=== Data in this exercise ===
[Start of Attachment]
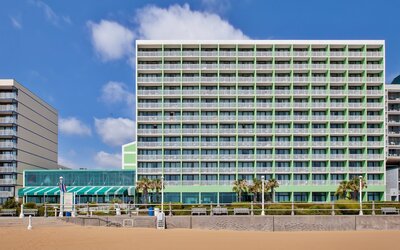 Holiday Inn Va Beach-Oceanside (21st St) by IHG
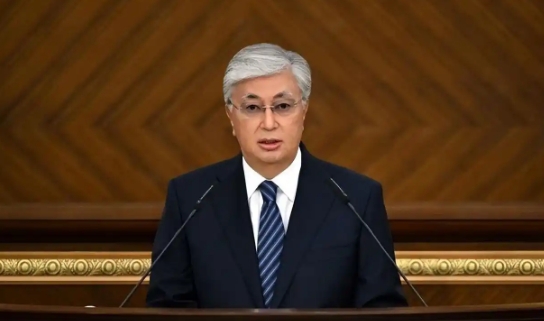 托卡耶夫，危！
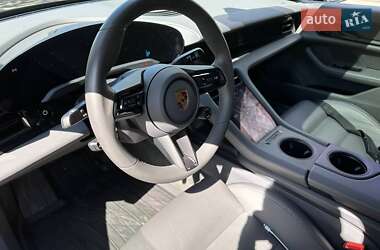 Седан Porsche Taycan 2020 в 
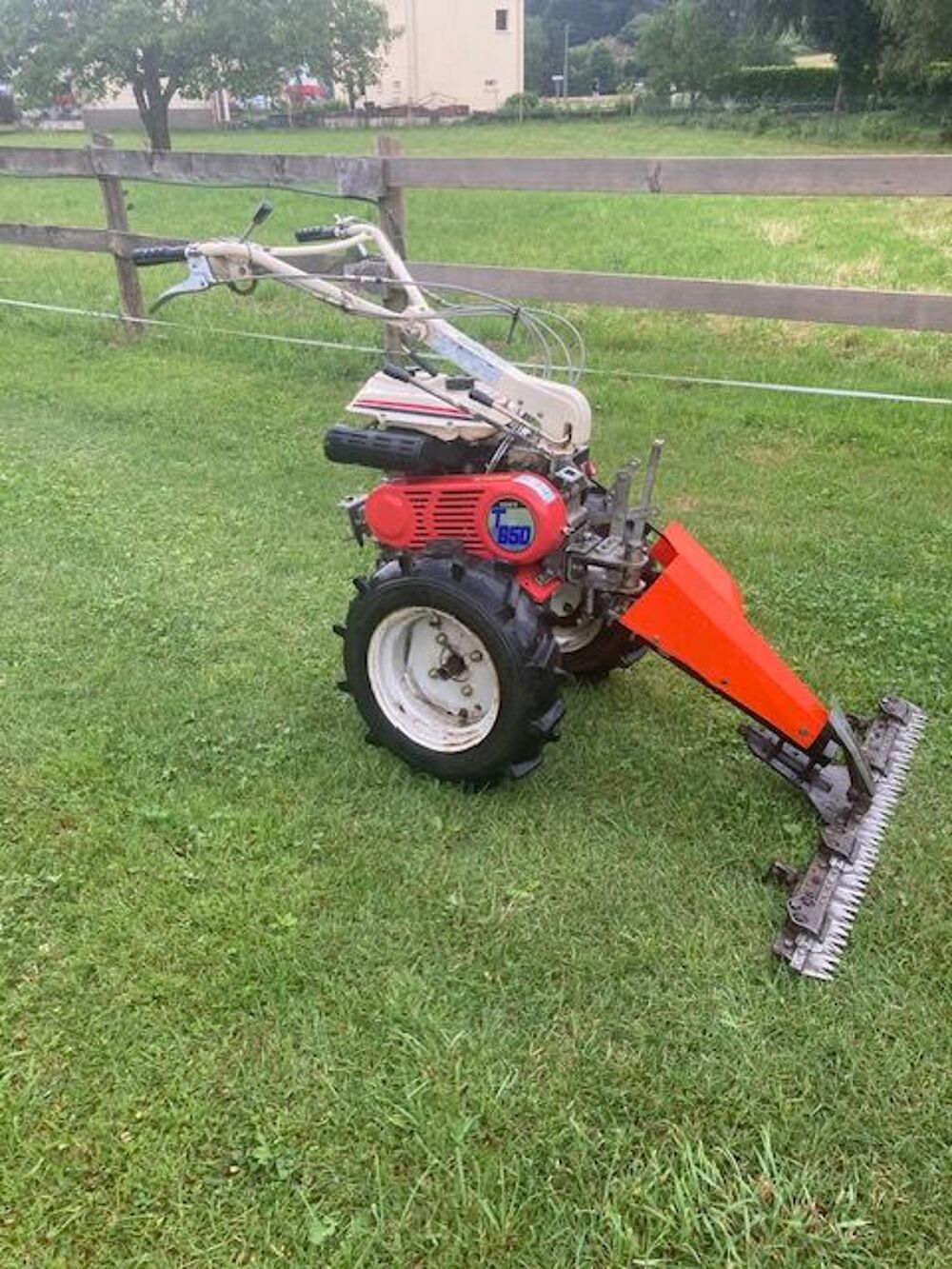 
motoculteur kubota t650
tbe peu servi Jardin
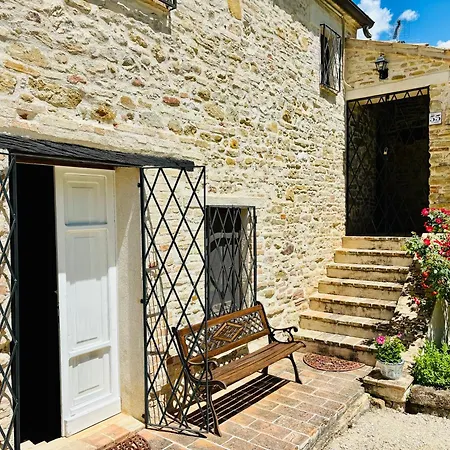 Farmhouse La Siesta וילה Treia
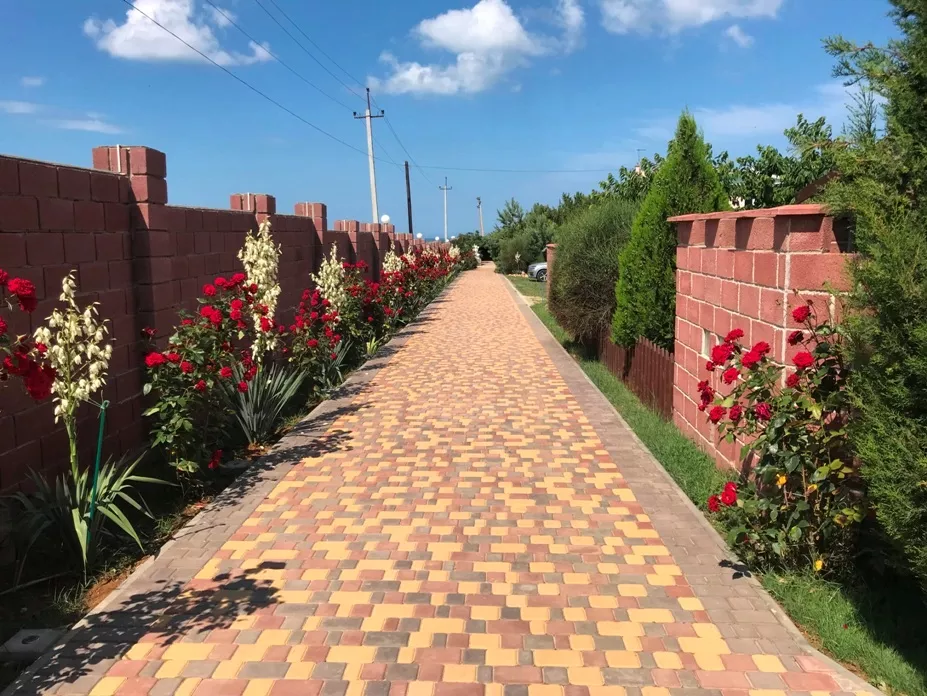 . Отель У Моря с бассейном. Евпатория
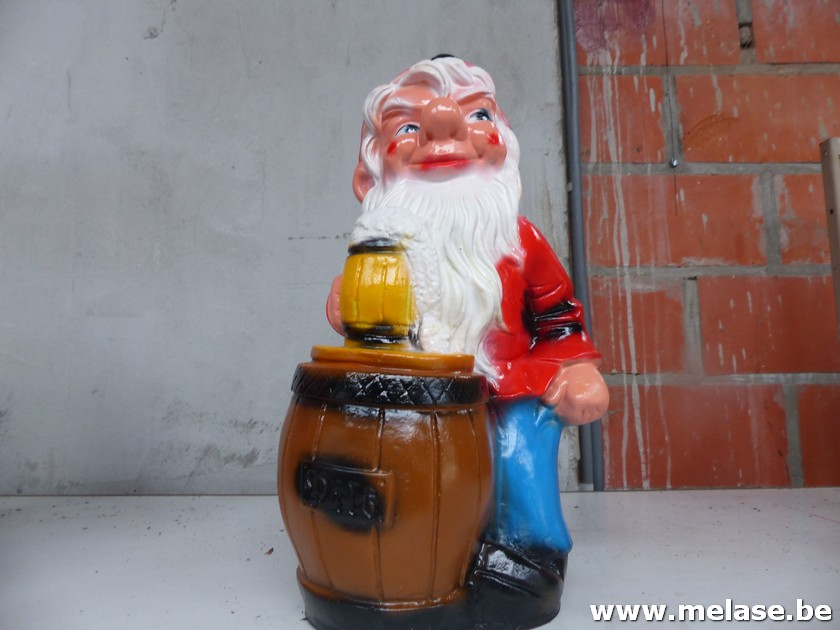 Beeld "kabouter met bierton"
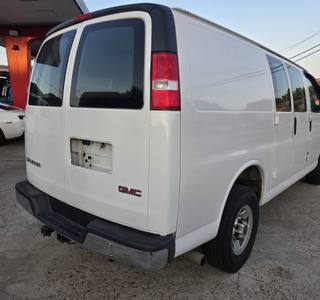 2017 GMC Savana Cargo Work Van - Photo 7
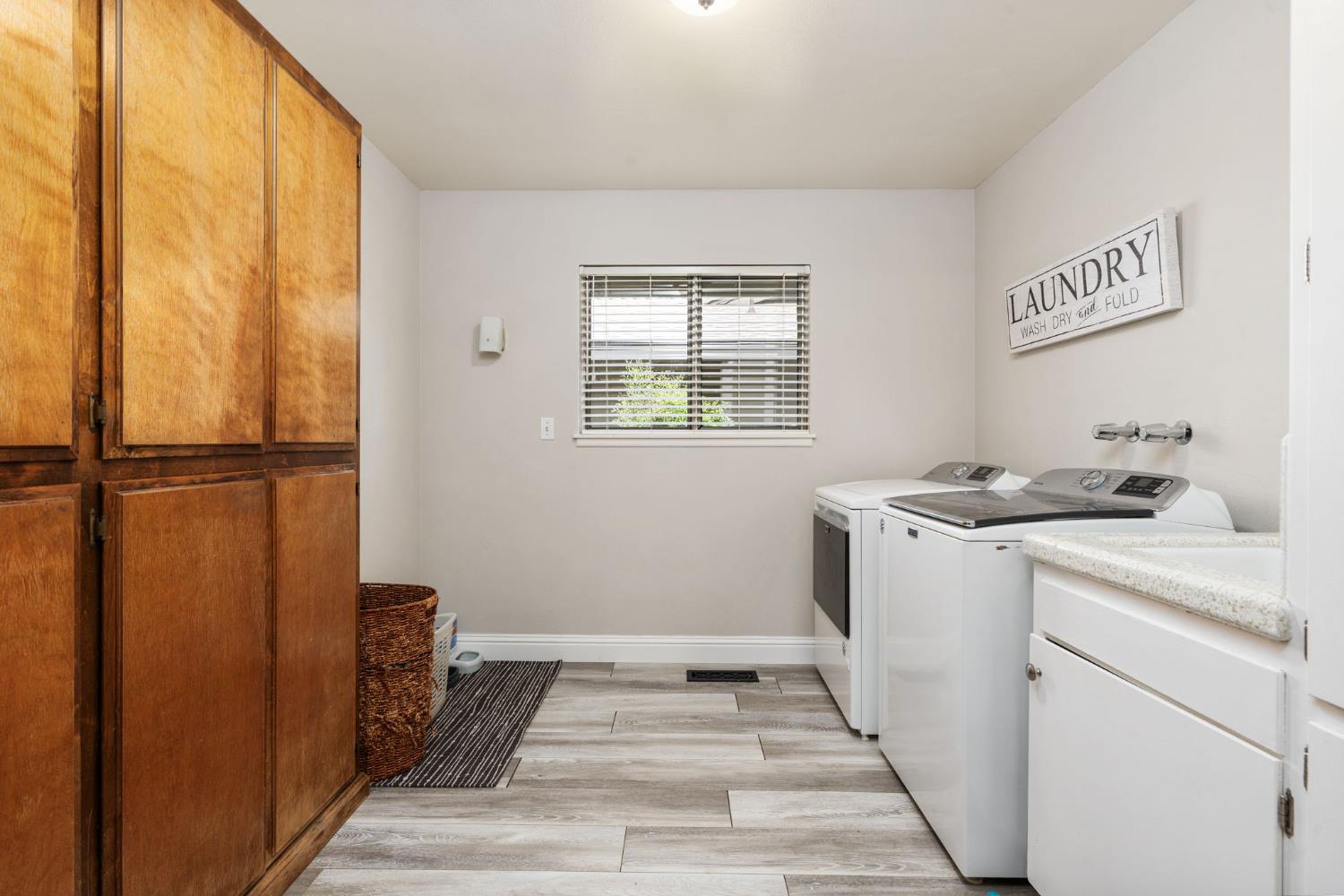 1521 Windsor Dr, Kingsburg, CA 93631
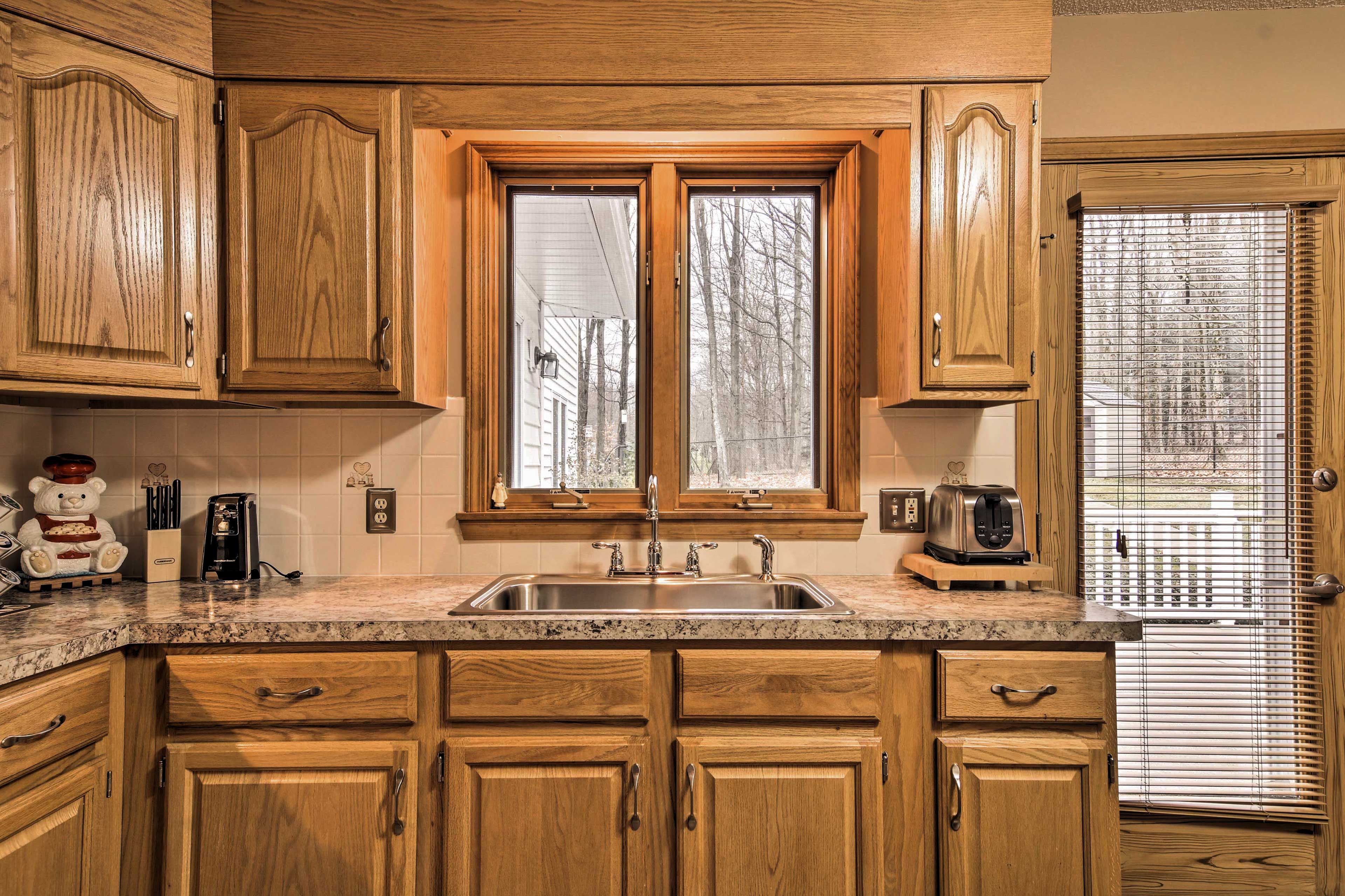 Fully Equipped Kitchen | Pots & Pans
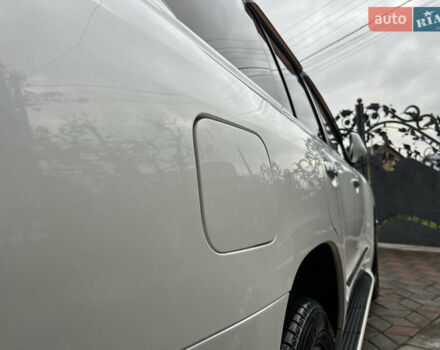 Белый Лексус ЛХ, объемом двигателя 5.66 л и пробегом 157 тыс. км за 29500 $, фото 21 на Automoto.ua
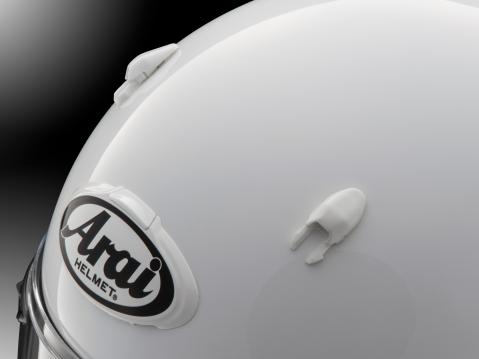 Kaksi ilman sisäänmenoaukoista sijaitsee Arain 3D-logossa ja kaksi kypärän päällä.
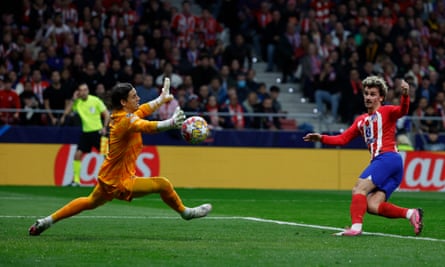 Antoine Griezmann fires past Yann Sommer for Atlético’s first goal of the tie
[End of Attachment]
=== What you should do ===
Lines from the one containing "Седан Porsche Taycan 2020 в" through the end of the entries above, both included, are to be written out exactly; no pictures and no other lines.

=== Output below ===
 Седан Porsche Taycan 2020 в 
motoculteur kubota t650
tbe peu servi Jardin
 Farmhouse La Siesta וילה Treia
 . Отель У Моря с бассейном. Евпатория
 Beeld "kabouter met bierton"
 2017 GMC Savana Cargo Work Van - Photo 7
 1521 Windsor Dr, Kingsburg, CA 93631
 Fully Equipped Kitchen | Pots & Pans
 Белый Лексус ЛХ, объемом двигателя 5.66 л и пробегом 157 тыс. км за 29500 $, фото 21 на Automoto.ua
 Kaksi ilman sisäänmenoaukoista sijaitsee Arain 3D-logossa ja kaksi kypärän päällä.
 Antoine Griezmann fires past Yann Sommer for Atlético’s first goal of the tie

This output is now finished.